During these moments that England was without a legal monarch, Henry Tudor, Earl of Richmond, remained motionless as a statue upon his black steed, solitary, unheralded, forgotten.

"Body o' God, men! we'll give him a horse," he heard them wildly shouting; and then impassively regarded them while they lashed the bent, and now naked body upon the broad back of a lively hackney. It was the final and brutal expression of a righteous indignation.

From every part of the field there rang in Henry's ears loud cries of exultation over the dead and vanquished Richard, which merged presently into a riotous pandemonium of inarticulate sound when the horse, bearing its gruesome burden, was paraded before the men in the direction of Market Bosworth Road.

"Le roi est mort,?—?vive le roi!" the clear voice of Henry's squire made itself manifest above the din. Something the faintest of smiles broke upon the impassivity of the Earl's countenance as he turned his head in the direction whence this cry had come.
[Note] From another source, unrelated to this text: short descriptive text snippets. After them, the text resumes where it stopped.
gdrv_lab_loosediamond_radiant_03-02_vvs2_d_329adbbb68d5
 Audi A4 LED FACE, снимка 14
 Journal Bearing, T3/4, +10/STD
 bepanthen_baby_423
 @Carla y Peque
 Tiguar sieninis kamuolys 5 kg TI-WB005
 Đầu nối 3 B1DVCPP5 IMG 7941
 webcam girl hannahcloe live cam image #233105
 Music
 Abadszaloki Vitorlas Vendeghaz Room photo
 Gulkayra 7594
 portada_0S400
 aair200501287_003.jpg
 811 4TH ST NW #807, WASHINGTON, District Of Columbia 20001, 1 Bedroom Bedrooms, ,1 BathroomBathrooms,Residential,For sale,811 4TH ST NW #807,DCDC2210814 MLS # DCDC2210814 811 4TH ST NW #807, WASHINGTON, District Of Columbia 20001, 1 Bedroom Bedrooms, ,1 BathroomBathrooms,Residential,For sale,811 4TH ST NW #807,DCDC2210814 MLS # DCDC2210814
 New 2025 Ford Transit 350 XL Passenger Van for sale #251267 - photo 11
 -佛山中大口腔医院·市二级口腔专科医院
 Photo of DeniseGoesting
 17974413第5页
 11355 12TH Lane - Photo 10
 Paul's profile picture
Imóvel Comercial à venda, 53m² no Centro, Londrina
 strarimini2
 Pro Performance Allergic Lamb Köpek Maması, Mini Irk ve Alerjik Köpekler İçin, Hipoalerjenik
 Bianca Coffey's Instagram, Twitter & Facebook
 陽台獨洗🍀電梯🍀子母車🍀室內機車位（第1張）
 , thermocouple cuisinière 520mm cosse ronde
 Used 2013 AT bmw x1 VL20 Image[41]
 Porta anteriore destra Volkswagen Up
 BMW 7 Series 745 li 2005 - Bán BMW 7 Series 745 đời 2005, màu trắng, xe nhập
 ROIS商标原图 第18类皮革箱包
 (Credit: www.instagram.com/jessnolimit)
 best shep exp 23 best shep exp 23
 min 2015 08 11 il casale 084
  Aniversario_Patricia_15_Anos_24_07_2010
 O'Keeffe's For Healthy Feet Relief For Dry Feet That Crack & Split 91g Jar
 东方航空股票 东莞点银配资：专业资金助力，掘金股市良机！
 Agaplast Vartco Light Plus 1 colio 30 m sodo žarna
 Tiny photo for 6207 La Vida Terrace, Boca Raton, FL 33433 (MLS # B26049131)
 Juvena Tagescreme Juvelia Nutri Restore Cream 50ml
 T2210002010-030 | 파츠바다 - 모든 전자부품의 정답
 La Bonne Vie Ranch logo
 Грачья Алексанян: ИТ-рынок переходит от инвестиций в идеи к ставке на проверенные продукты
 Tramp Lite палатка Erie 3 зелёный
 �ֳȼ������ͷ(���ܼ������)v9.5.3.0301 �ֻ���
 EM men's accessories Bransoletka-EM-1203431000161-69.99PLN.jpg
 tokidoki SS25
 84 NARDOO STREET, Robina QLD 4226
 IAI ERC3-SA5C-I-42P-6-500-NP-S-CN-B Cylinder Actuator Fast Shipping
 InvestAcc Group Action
Sir Richard, bearing a jeweled crown outstretched in his hands, was just leaping above the clump of copse-wood whereupon the body of Sir John Cheyney was lying.

Lord Stanley, who, by this time, had resumed seat upon his horse, quickly stationed himself between the approaching young knight and the Earl of Richmond. Then, taking the crown that had encircled Richard's helmet throughout the battle, he set it solemnly upon that of Henry.

Whereupon?—?"The King is dead, long live the King!" the cry rippled abroad over the sanguinary field of Bosworth; and the blazing August sun beat down upon a circle of upraised, flashing swords, unsheathed in promise of fealty to the new monarch.